Le CESE s'est prononcé sur la performance et la gouvernance de l'entreprise

Séance plénière du 28 mai 2013

 

Avis présenté par Mme Amélie Rafael, au nom de la section de la section des activités économiques présidée par M. Jean-Louis Schilansly

Dans le contexte d’un besoin de compétitivité au sens large, les enjeux économiques, sociaux et environnementaux imposent plus que jamais de développer un tissu d’entreprises performantes.
 
Cette performance doit d’abord s’entendre comme la capacité à satisfaire les intérêts de toutes les parties prenantes internes à l’entreprise, ce qui passe par : 
- une association des dirigeants, des salariés et des actionnaires dans le fonctionnement quotidien de l’entreprise et dans l’élaboration de sa stratégie
- une capitalisation suffisante privilégiant l’investissement de long terme ;
- une organisation des instances de décision tenant compte de sa taille et ouverte à des compétences variées
 
Les salariés constituent une partie intégrante de l’entreprise.
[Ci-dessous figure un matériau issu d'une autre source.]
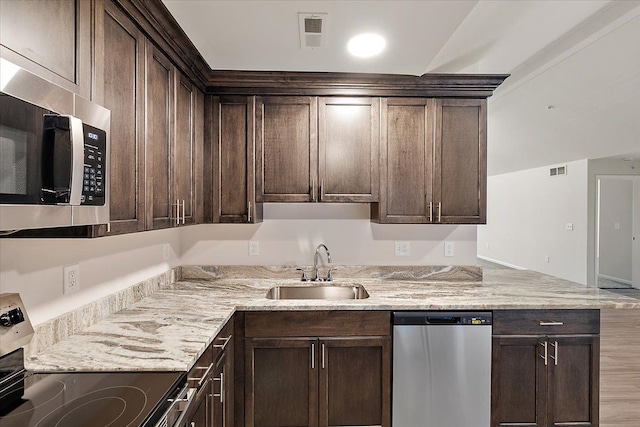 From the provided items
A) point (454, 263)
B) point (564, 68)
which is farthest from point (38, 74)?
point (564, 68)

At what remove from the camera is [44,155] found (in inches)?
37.7

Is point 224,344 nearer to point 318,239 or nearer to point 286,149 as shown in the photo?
point 318,239

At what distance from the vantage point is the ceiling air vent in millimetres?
1866

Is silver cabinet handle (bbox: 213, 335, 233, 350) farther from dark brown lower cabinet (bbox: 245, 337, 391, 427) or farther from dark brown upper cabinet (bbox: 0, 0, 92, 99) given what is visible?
dark brown upper cabinet (bbox: 0, 0, 92, 99)

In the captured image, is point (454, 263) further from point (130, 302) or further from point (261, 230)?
point (130, 302)

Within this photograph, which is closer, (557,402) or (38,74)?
(38,74)

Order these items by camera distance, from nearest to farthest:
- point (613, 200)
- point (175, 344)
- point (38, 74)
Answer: point (38, 74) < point (175, 344) < point (613, 200)

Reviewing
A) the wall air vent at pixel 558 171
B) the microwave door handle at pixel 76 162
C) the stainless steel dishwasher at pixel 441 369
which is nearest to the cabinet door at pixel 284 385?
the stainless steel dishwasher at pixel 441 369

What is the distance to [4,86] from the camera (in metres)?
0.85

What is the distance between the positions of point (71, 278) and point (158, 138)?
29.8 inches

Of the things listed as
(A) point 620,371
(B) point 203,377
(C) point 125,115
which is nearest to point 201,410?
(B) point 203,377

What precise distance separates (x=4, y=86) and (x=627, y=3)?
3.22 metres

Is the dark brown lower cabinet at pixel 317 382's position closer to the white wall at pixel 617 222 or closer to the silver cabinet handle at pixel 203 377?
the silver cabinet handle at pixel 203 377

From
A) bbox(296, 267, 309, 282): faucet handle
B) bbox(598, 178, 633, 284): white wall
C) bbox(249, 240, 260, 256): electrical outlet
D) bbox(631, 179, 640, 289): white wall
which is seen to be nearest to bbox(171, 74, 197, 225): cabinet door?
bbox(249, 240, 260, 256): electrical outlet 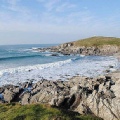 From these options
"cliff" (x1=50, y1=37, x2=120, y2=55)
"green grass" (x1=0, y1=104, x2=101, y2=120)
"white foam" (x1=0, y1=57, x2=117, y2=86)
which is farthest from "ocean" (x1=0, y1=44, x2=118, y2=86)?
"cliff" (x1=50, y1=37, x2=120, y2=55)

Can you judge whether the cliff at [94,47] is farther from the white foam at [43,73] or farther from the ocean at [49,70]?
the white foam at [43,73]

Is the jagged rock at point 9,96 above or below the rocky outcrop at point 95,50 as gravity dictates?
above

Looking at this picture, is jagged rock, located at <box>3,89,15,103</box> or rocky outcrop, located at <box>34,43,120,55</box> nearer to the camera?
jagged rock, located at <box>3,89,15,103</box>

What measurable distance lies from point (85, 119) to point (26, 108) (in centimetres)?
531

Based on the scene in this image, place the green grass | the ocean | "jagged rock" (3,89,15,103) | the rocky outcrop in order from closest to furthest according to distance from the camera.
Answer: the green grass < "jagged rock" (3,89,15,103) < the ocean < the rocky outcrop

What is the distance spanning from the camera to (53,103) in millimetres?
22594

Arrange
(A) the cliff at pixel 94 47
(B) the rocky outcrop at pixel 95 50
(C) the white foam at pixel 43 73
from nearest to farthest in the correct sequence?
1. (C) the white foam at pixel 43 73
2. (B) the rocky outcrop at pixel 95 50
3. (A) the cliff at pixel 94 47

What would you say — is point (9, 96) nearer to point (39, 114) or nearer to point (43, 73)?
point (39, 114)

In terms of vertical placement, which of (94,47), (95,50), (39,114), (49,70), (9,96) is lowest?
(95,50)

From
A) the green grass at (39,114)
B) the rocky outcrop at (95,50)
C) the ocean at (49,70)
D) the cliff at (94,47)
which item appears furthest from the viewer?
the cliff at (94,47)

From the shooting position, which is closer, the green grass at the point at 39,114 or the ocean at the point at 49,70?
the green grass at the point at 39,114

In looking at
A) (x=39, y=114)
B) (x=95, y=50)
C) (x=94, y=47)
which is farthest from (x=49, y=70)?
(x=94, y=47)

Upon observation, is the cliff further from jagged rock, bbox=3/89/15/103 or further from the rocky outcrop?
jagged rock, bbox=3/89/15/103

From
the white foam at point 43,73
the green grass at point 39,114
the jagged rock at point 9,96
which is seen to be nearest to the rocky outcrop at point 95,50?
the white foam at point 43,73
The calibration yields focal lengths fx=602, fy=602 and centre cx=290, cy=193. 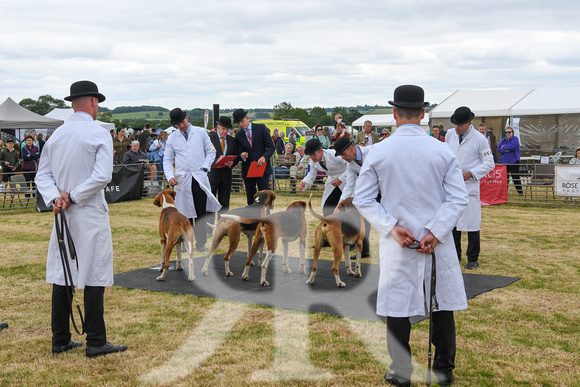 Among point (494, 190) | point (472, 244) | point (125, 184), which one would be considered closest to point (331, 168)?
point (472, 244)

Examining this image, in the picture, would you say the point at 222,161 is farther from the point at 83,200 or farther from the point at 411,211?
the point at 411,211

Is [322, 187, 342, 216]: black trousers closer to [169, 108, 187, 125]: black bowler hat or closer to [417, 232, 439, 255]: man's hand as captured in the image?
[169, 108, 187, 125]: black bowler hat

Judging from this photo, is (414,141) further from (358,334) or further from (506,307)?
(506,307)

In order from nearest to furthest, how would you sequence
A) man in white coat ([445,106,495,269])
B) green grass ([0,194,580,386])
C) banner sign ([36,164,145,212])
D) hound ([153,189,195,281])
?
green grass ([0,194,580,386])
hound ([153,189,195,281])
man in white coat ([445,106,495,269])
banner sign ([36,164,145,212])

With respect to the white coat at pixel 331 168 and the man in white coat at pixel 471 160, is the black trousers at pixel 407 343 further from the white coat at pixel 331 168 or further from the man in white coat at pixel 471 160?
the white coat at pixel 331 168

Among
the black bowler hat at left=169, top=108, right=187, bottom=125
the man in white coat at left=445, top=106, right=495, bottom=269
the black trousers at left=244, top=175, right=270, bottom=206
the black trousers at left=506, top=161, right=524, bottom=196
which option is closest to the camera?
the man in white coat at left=445, top=106, right=495, bottom=269

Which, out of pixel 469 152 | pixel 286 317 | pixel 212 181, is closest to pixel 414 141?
pixel 286 317

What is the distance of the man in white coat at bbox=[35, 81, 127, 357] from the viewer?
16.0 ft

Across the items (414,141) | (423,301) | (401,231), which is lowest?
(423,301)

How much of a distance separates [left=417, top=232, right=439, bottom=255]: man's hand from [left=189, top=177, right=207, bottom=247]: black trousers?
246 inches

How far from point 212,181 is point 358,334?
19.4 ft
Ils doivent être au cœur de son fonctionnement par l’information, des pratiques de management participatif et un partage du résultat. Ils doivent également pouvoir, selon des modalités variées, être associés à la capitalisation et aux décisions.
 
La performance de l’entreprise doit également se concevoir comme sa faculté à améliorer ses relations avec ses parties prenantes externes : son territoire et son environnement, ses fournisseurs et sous-traitants ; ses clients et les consommateurs.
 
La performance globale de l’entreprise dépend donc, en dernière analyse, de sa capacité à créer - par une gouvernance renouvelée - une véritable communauté d’intérêt.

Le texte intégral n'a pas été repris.